» EXERCISE
Reproduce, please, only the lines from the first line below to the line containing "a table and", inclusive.

── INFORMATION SUPPLIED

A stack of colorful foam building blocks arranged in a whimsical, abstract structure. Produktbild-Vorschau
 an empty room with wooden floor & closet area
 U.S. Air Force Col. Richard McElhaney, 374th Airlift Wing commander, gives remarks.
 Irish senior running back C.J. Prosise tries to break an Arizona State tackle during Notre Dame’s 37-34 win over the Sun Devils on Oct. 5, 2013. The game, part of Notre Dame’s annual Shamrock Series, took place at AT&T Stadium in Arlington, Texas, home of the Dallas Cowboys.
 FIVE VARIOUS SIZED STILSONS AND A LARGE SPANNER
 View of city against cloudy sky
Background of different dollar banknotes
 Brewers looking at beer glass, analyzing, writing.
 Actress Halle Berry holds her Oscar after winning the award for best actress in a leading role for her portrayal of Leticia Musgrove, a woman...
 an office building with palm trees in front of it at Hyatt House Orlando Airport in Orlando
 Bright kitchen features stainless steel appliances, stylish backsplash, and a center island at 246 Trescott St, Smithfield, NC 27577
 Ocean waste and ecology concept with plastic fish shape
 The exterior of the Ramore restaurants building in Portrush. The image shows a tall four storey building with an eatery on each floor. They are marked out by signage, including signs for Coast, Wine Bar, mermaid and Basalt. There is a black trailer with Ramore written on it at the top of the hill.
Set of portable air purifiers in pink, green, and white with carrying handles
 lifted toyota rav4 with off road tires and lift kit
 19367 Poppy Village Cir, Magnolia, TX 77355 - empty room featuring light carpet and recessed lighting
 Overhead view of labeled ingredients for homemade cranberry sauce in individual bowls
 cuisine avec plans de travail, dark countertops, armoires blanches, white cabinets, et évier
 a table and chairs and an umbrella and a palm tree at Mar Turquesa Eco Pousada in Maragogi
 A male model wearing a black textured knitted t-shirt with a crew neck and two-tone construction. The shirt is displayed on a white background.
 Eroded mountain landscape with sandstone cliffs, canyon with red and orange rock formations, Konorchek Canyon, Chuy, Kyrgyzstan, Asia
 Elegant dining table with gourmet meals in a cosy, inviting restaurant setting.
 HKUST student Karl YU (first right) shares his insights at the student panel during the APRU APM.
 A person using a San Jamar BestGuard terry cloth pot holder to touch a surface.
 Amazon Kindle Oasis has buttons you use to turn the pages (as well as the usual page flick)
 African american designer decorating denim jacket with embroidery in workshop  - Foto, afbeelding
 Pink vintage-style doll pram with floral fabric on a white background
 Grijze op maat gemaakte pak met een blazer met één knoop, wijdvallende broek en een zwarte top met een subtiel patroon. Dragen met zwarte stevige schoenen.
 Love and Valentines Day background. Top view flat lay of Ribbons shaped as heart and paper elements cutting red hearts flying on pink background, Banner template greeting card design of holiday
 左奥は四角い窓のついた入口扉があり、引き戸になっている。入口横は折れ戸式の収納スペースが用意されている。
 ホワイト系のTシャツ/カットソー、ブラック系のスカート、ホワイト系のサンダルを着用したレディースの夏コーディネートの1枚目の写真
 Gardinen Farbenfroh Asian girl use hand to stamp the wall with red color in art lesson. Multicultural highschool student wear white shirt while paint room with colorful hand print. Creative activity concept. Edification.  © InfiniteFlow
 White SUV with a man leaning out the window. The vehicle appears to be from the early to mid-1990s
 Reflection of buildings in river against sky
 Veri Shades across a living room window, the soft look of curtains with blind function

────

» REPLY TO THE EXERCISE
A stack of colorful foam building blocks arranged in a whimsical, abstract structure. Produktbild-Vorschau
 an empty room with wooden floor & closet area
 U.S. Air Force Col. Richard McElhaney, 374th Airlift Wing commander, gives remarks.
 Irish senior running back C.J. Prosise tries to break an Arizona State tackle during Notre Dame’s 37-34 win over the Sun Devils on Oct. 5, 2013. The game, part of Notre Dame’s annual Shamrock Series, took place at AT&T Stadium in Arlington, Texas, home of the Dallas Cowboys.
 FIVE VARIOUS SIZED STILSONS AND A LARGE SPANNER
 View of city against cloudy sky
Background of different dollar banknotes
 Brewers looking at beer glass, analyzing, writing.
 Actress Halle Berry holds her Oscar after winning the award for best actress in a leading role for her portrayal of Leticia Musgrove, a woman...
 an office building with palm trees in front of it at Hyatt House Orlando Airport in Orlando
 Bright kitchen features stainless steel appliances, stylish backsplash, and a center island at 246 Trescott St, Smithfield, NC 27577
 Ocean waste and ecology concept with plastic fish shape
 The exterior of the Ramore restaurants building in Portrush. The image shows a tall four storey building with an eatery on each floor. They are marked out by signage, including signs for Coast, Wine Bar, mermaid and Basalt. There is a black trailer with Ramore written on it at the top of the hill.
Set of portable air purifiers in pink, green, and white with carrying handles
 lifted toyota rav4 with off road tires and lift kit
 19367 Poppy Village Cir, Magnolia, TX 77355 - empty room featuring light carpet and recessed lighting
 Overhead view of labeled ingredients for homemade cranberry sauce in individual bowls
 cuisine avec plans de travail, dark countertops, armoires blanches, white cabinets, et évier
 a table and chairs and an umbrella and a palm tree at Mar Turquesa Eco Pousada in Maragogi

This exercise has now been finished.